# iPhone 4? Get the new iOS 7.1



## Sunray (Mar 13, 2014)

Its so much faster than 7.0, its like they just breathed another year or two into my phone.

There were some options I'd switched off to make it faster anyway, but 7.1 v 7.0.6 is like night and day. 

Absolute must have for all iPhone 4 users.


----------



## Virtual Blue (Mar 13, 2014)

i downloaded onto my work phone.
7.1 is pretty much the same as 7.0 and i not seen much difference.
it's pretty boring tbh.


----------



## Sunray (Mar 13, 2014)

Virtual Blue said:


> i downloaded onto my work phone.
> 7.1 is pretty much the same as 7.0 and i not seen much difference.
> it's pretty boring tbh.



Its the same, except its many times faster on an iPhone 4.  (Not 4S, 5,5C or 5S)


----------



## RedDragon (Mar 15, 2014)

Tried it on my iP4 and it's like having boy racer stripes - fixes all those 7.0 cliches that were a bit of a hinder for an old phone. 

Not a bad breath of fresh air for a phone hard wear that's almost four years old.

arstechnica has it's say on 7.1's impact on the iP4


----------



## Kid_Eternity (Mar 16, 2014)

Two people I know with the 4 have both mentioned things are a lot better with 7.1....haven't seen any real difference with my iPhone 5S though...


----------



## Kid_Eternity (Mar 16, 2014)

...that said my 3rd gen iPad with retina is now a touch snappier...


----------



## diond (Mar 16, 2014)

Just what have you found that is considerably faster now compared to before as I can't notice any difference at all?


----------



## gabi (Mar 17, 2014)

Can't see any difference on my iPad either


----------



## skyscraper101 (Mar 17, 2014)

I've heard there are a lot of problems with 7.1 and battery draining, I'm hesitant to update my 5s.

http://www.dailymail.co.uk/news/art...-erasing-contacts-disorienting-keyboards.html


----------



## Sunray (Mar 17, 2014)

RedDragon said:


> Tried it on my iP4 and it's like having boy racer stripes - fixes all those 7.0 cliches that were a bit of a hinder for an old phone.
> 
> Not a bad breath of fresh air for a phone hard wear that's almost four years old.
> 
> arstechnica has it's say on 7.1's impact on the iP4



My iPhone 4 has to break for me to consider moving to another phone.

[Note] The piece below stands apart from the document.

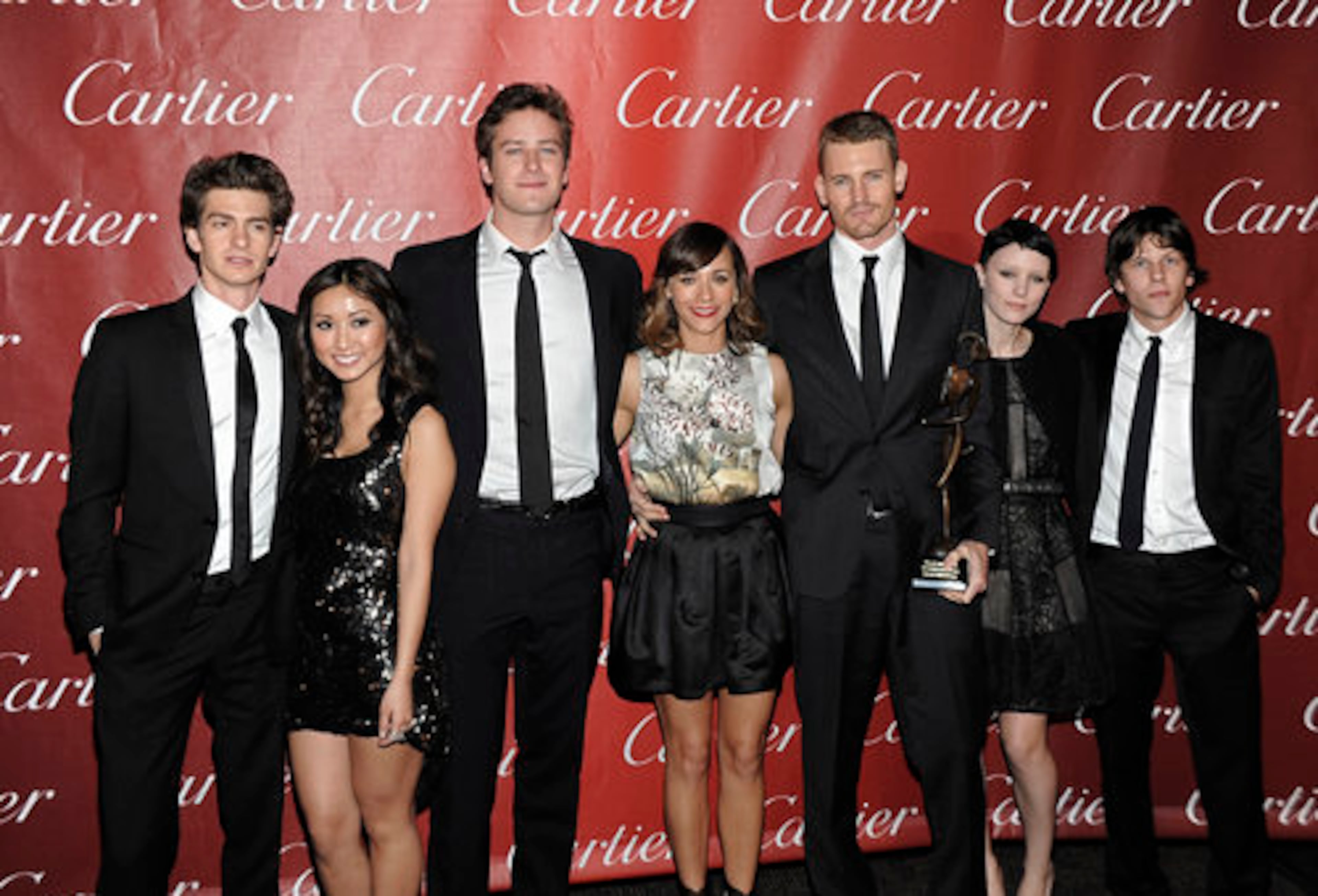 From left to right, actor Andrew Garflield, Actress Brenda Song, actor Armie Hammer, actress Rashida Jones, actor Josh Pence, actress Rooney Mara, actor Jesse Eisenberg pose together with their Ensemble Performance award for the feature film "The Social Network" at the 2011 Palm Springs International Film Festival Awards Gala in Palm Springs, Calif. on Saturday, Jan. 8, 2011.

This is still a very decent and capable phone, 4 years old or not. Does what I want, I don't feel I need it to do more.   

Apple produce a 5" phone with retina, that has the iPad mini screen resolution, I might be tempted....


----------



## Kid_Eternity (Mar 19, 2014)

diond said:


> Just what have you found that is considerably faster now compared to before as I can't notice any difference at all?



It doesn't stutter when I pull down the search, it's smoother in animation when I open apps and it doesn't lag any time I shut down an app.


----------



## diond (Mar 19, 2014)

Kid_Eternity said:


> It doesn't stutter when I pull down the search, it's smoother in animation when I open apps and it doesn't lag any time I shut down an app.


One thing I have noticed - the battery is leaking power at a considerable rate.


----------



## gabi (Mar 20, 2014)

weird.. the one improvement ive noticed on my ipad is that the battery's lasting a lot longer than it did


----------



## skyscraper101 (Mar 20, 2014)

diond said:


> One thing I have noticed - the battery is leaking power at a considerable rate.



As per my previous post. I'm not updating anything until I can be sure this issue is fixed. Are you using a 4, 4s, 5?

I want to jailbreak my phone anyway so I'm keeping with 7.0.6 at least until a 7.1 jailbreak is released.


----------



## diond (Mar 20, 2014)

skyscraper101 said:


> As per my previous post. I'm not updating anything until I can be sure this issue is fixed. Are you using a 4, 4s, 5?
> 
> I want to jailbreak my phone anyway so I'm keeping with 7.0.6 at least until a 7.1 jailbreak is released.


I've got the 4. To be honest, it seems to have settled down just now. It was gobbling up power just in standby, but I charged it last night and although I only used it to check the news for about 3-4 minutes today, it's actually still on 100%, almost 12 hours later. Either way, it certainly beats my old Samsung Galaxy Ace hands down for battery usage.


----------